For authors, PG will repeat his harangue that the “standard” publishing contract that will last for the term of the author’s copyright – the remainder of the author’s life plus 70 years in the US and similar lengths of time in other countries – puts traditionally-published authors into a very difficult situation. They’re the only ones who can’t jump ship and take their sources of income with them.

Traditionally-published authors have signed a contract that ties up their books basically forever. The contract is with a publisher that is a corporate entity, not a person.

Although the publisher’s past record of selling books or an editor’s reputation for quality work developing other authors’ careers may have been a key element in deciding to place the author’s book with that particular publisher, the editor and the people who worked hard to establish a successful sales record are not parties to the contract. They have no obligations to the author or to the publisher. The publisher probably has no long-term obligations to the people who built the publisher’s reputation.

Cutting your way to success often means firing people with the highest salaries. Cutting your way to success can also mean ruthlessly pruning expenses so the corporation can be sold to an entirely new owner.

The author has no voice in choosing a new owner for the publisher and no ability to change the lifetime term of the publishing contract.

The new owner will undoubtedly be another corporation.

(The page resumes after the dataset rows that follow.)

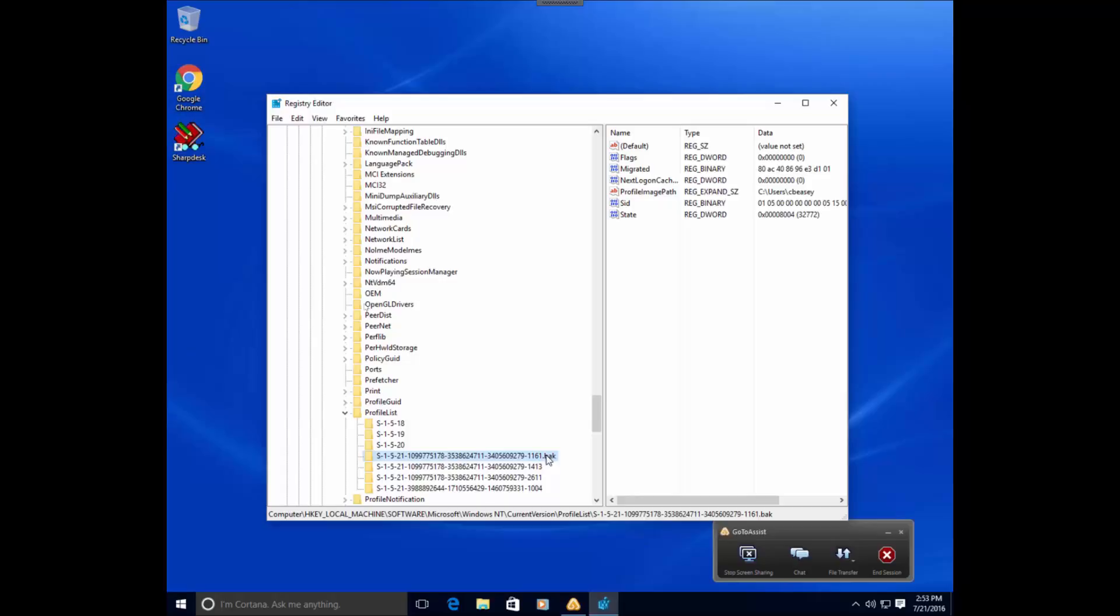So what we are going to do is we're actually going to rename it, get rid of the back. Normally, if there is a temporary profile being loaded, it will actually load the same SID without the .back.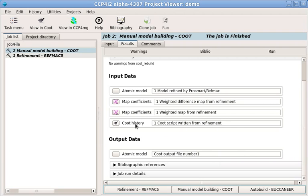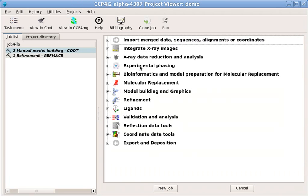For more information, most tasks have their own documentation pages, which you can get to with the Help button. You can also ask questions on the CCP4 Bulletin Board.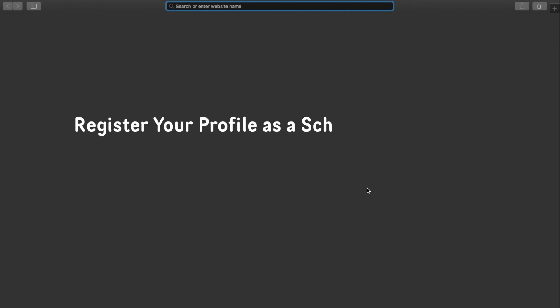In this quick video, we will learn how to register your profile as a school administrator and how to use dashboard.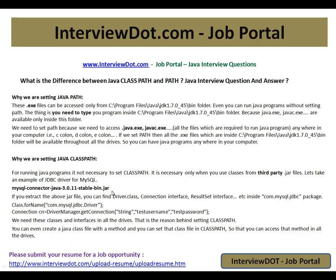CLASSPATH is for managing dependencies — you are helping the JVM to find the class so that it can load it and start running. If you don't have the JAR location in CLASSPATH and you run an application using that code, you will get a ClassNotFoundException. That means the JVM is saying it cannot find the class you mentioned in any of the configured paths. You need to go to CLASSPATH and add the location of the MySQL Connector JAR so the JVM can find it.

That corporation may be operated by people who are experienced and skilled in the book business or the new owner may be a hedge fund that specializes in sucking the last dollar from distressed properties prior to placing them into bankruptcy where even lower bottom-feeders will pick over the bones of the once-successful publisher.

And the author continues to be an unwilling participant in the process by virtue of the lifetime plus 70 contract she signed.

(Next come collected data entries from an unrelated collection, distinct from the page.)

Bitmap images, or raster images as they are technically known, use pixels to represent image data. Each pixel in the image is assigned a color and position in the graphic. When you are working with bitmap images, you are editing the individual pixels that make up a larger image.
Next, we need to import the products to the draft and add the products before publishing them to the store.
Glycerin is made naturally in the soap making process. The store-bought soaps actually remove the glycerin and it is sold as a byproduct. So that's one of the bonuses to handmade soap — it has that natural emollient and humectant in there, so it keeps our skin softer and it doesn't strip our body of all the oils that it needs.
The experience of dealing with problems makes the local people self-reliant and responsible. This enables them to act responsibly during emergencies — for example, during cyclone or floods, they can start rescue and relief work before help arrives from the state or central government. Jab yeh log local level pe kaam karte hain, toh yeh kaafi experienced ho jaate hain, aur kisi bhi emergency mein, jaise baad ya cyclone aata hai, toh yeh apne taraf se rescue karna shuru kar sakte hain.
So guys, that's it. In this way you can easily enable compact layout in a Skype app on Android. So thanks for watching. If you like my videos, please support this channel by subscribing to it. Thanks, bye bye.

Visitors to TPV can decide whether publishers operated by bottom-feeders will be conscientious about sending out timely and accurate royalty reports. And royalty checks.

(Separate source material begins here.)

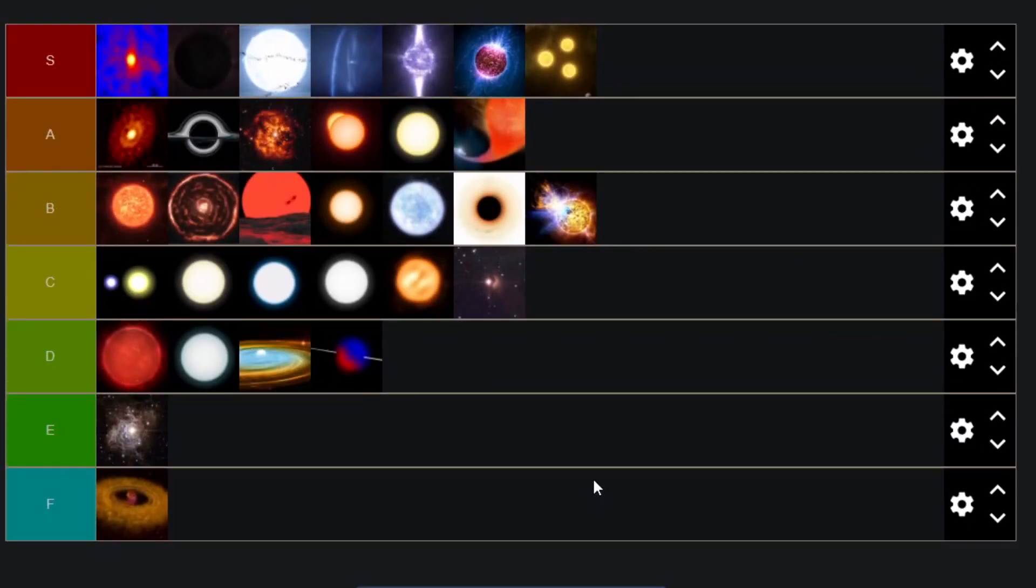And there we have it, our stars tier list. I hope you enjoyed that video. I was trying something a little different from what I normally do and yeah I will leave a link to the template in the description below so you can make your own tier lists. Go and send them to me in the comments below. I'd love to hear your opinions and yeet out.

If an author has an obligation to give the publisher first option on new books or is prohibited from writing books that will compete with those the publisher has already published, how likely is it that the bottom-feeder will promptly respond to the option manuscripts or agree that the new books are not competitive so the author can sell those books to another publisher or self-publish them? A bottom feeder might decide that the author should pay a fee to obtain clearance to take each new book elsewhere.

PG reflexively takes the author’s side in business transactions with others. As he has mentioned before, Mrs. PG is a long-time author, first traditionally published and, in recent years, very happily self-published.

He lays out these possibilities and probabilities not to ruin the day for a traditionally-published author, but as a warning to act like a business person who sees a big storm on the horizon and take whatever precautions are available to minimize the financial and emotional damage which is likely to occur based upon current trends in the book business.

79 thoughts on “Strategies to cut overheads in a shrinking book business”

  1. Nobody gives a hoot about widget makers except for widget makers. So widget makers learned to take care of themselves. They know nobody else will. They don’t expect anyone to.

    God Bless the widget maker, for without him, there are no widgets.